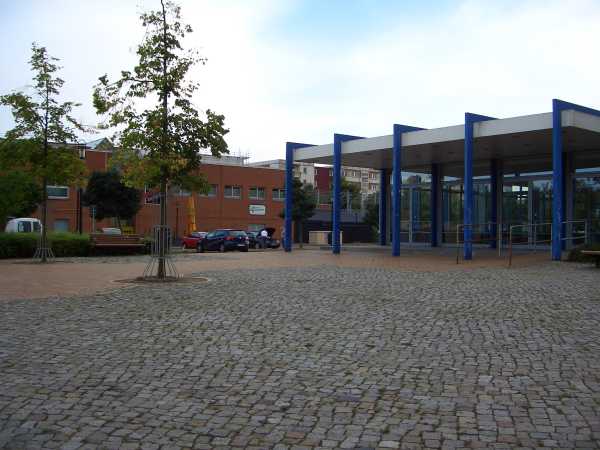 Einkaufszentrum gegen�ber der Sport- und Mehrzweckhalle V (im Erdgeschoss: Sparkasse, Schlecker, B�cker, Apotheke, Blumenladen, Netto-Markt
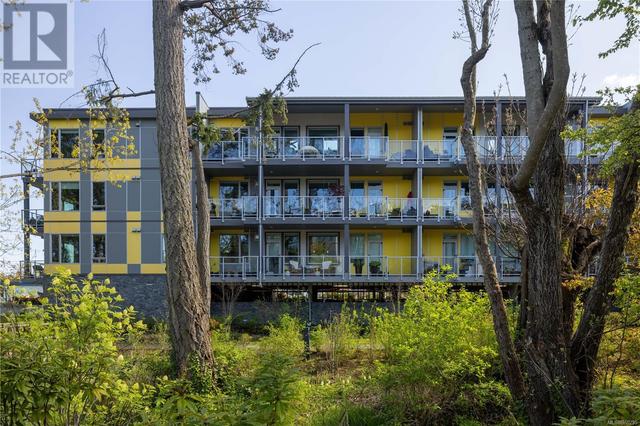 205 - 10660 Mcdonald Park Rd, Condo with 2 bedrooms, 2 bathrooms and 2 parking in North Saanich BC | Image 17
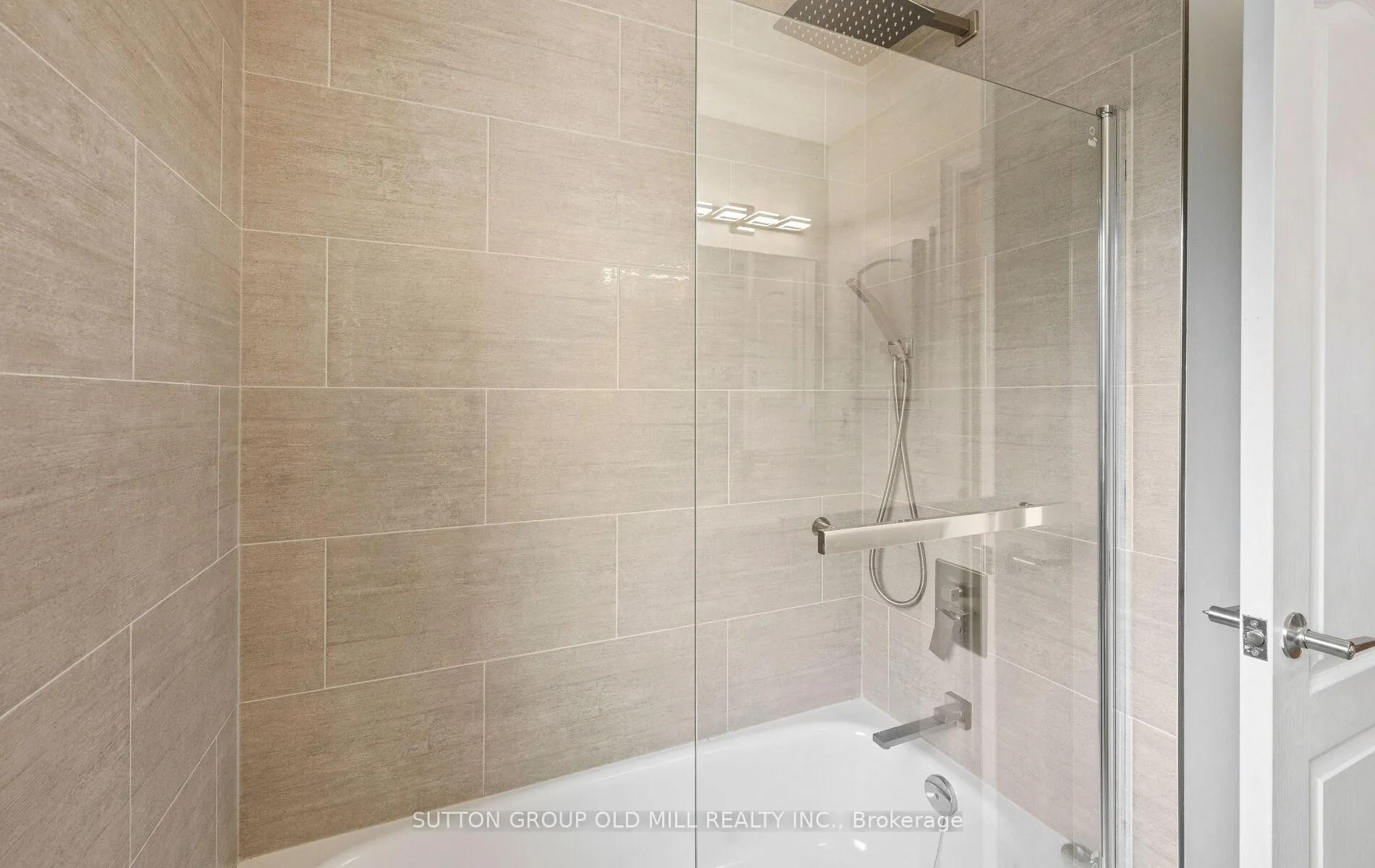 Photo 41 of 36 Clockwork Lane, Etobicoke, Stonegate-Queensway — HOMEH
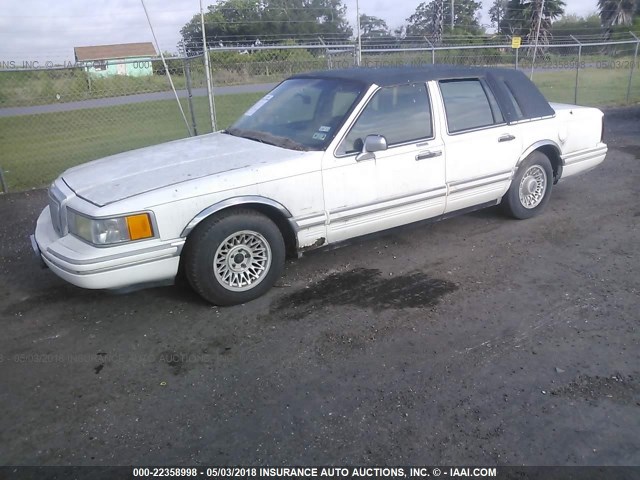 1LNLM81W3RY720101 - 1994 LINCOLN TOWN CAR EXECUTIVE WHITE photo 2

• **Work request**: Leaving the pictures out, copy exactly the lines from the line that contains "205 - 10660" to the last line of the data, both ends included.

• **Task output**:
 205 - 10660 Mcdonald Park Rd, Condo with 2 bedrooms, 2 bathrooms and 2 parking in North Saanich BC | Image 17
 Photo 41 of 36 Clockwork Lane, Etobicoke, Stonegate-Queensway — HOMEH
 1LNLM81W3RY720101 - 1994 LINCOLN TOWN CAR EXECUTIVE WHITE photo 2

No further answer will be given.